9. Cranking the machine

Vary with respect to $v$. The $v$-dependent terms are $\tfrac{1}{2}\, p\, |v|^2$ and $\phi\, \nabla \!\cdot\! (p\, v)$. The latter, after integration by parts, becomes $-p\, \nabla \phi \cdot v$. Setting the variation to zero:

$$p\, v \;-\; p\, \nabla \phi \;=\; 0 \quad\Longrightarrow\quad \boxed{\,v \;=\; \nabla \phi.\,}$$

This is already remarkable. The optimal velocity field is a gradient — the velocity of the probability flow is the gradient of the Lagrange multiplier. Just as in Hamilton's mechanics, where the momentum is the gradient of an action function, here the velocity is the gradient of $\phi$. The mathematical structure is identical.

Vary with respect to $p$. The $p$-dependent terms are $\tfrac{1}{2}\, p\, |v|^2$, $\lambda\, p \log(p / p_{\text{ref}})$, and the $\phi$-coupled terms $\phi\, \partial_t p$ and $\phi\, \nabla \!\cdot\! (p\, v)$. After integrating by parts (in time for the first $\phi$ term, in space for the second) and setting the variation to zero, we obtain

$$\tfrac{1}{2} |v|^2 \;+\; \lambda \left(\log \frac{p}{p_{\text{ref}}} + 1\right) \;-\; \partial_t \phi \;-\; |\nabla \phi|^2 \;=\; 0.$$

Substituting $v = \nabla \phi$ and rearranging:

$$\boxed{\;\partial_t \phi \;+\; \tfrac{1}{2}\, |\nabla \phi|^2 \;=\; \lambda \left(\log \frac{p}{p_{\text{ref}}} \;+\; 1\right).\;}$$

Stop and look at this equation. It is the Hamilton–Jacobi equation, with a potential on the right-hand side that depends on the density itself. Hamilton wrote down this equation in 1834 for a particle in a potential field.
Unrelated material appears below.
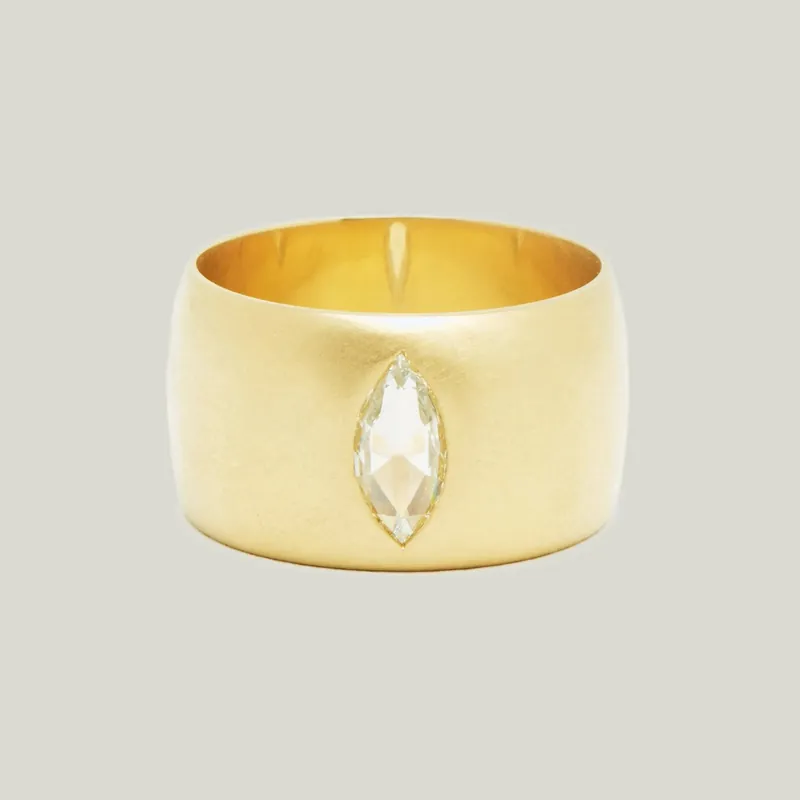Wide Gypsy Band With Marquise Rose Cut - Diana Mitchell (Consigned)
Here it is again, almost two centuries later, governing the evolution of $\phi$ in a probability flow.

Vary with respect to $\phi$. This simply gives back the continuity equation. So our complete dynamics are:

1. The velocity is the gradient of a potential: $\;v = \nabla \phi.$ 2. The potential evolves by a modified Hamilton–Jacobi equation: $\;\partial_t \phi + \tfrac{1}{2} |\nabla \phi|^2 = \lambda\, \big(\log (p / p_{\text{ref}}) + 1\big).$ 3. The density evolves by continuity: $\;\partial_t p + \nabla \!\cdot\! (p\, \nabla \phi) = 0.$

Three coupled equations, three unknowns, all derived from a single action principle. Hamilton would have smiled.

10. The knob

The parameter $\lambda$ is a knob. Turning it sweeps us through a family of generative-modeling problems that, at first glance, look unrelated but are revealed by the action principle to be the same thing with different settings.

$\lambda = 0$ — Optimal transport. With no potential, the action is pure kinetic energy. We are asking: what is the least-effort way to transport mass from $p_0$ to $p_1$? This is the Benamou–Brenier formulation of optimal transport, written down in 2000 and the cornerstone of modern Wasserstein geometry. The Hamilton–Jacobi equation collapses to $\partial_t \phi + \tfrac{1}{2}|\nabla \phi|^2 = 0$ — exactly Hamilton's equation for a free particle. The optimal flows are geodesics in Wasserstein space: straight lines, in a suitable sense, between distributions.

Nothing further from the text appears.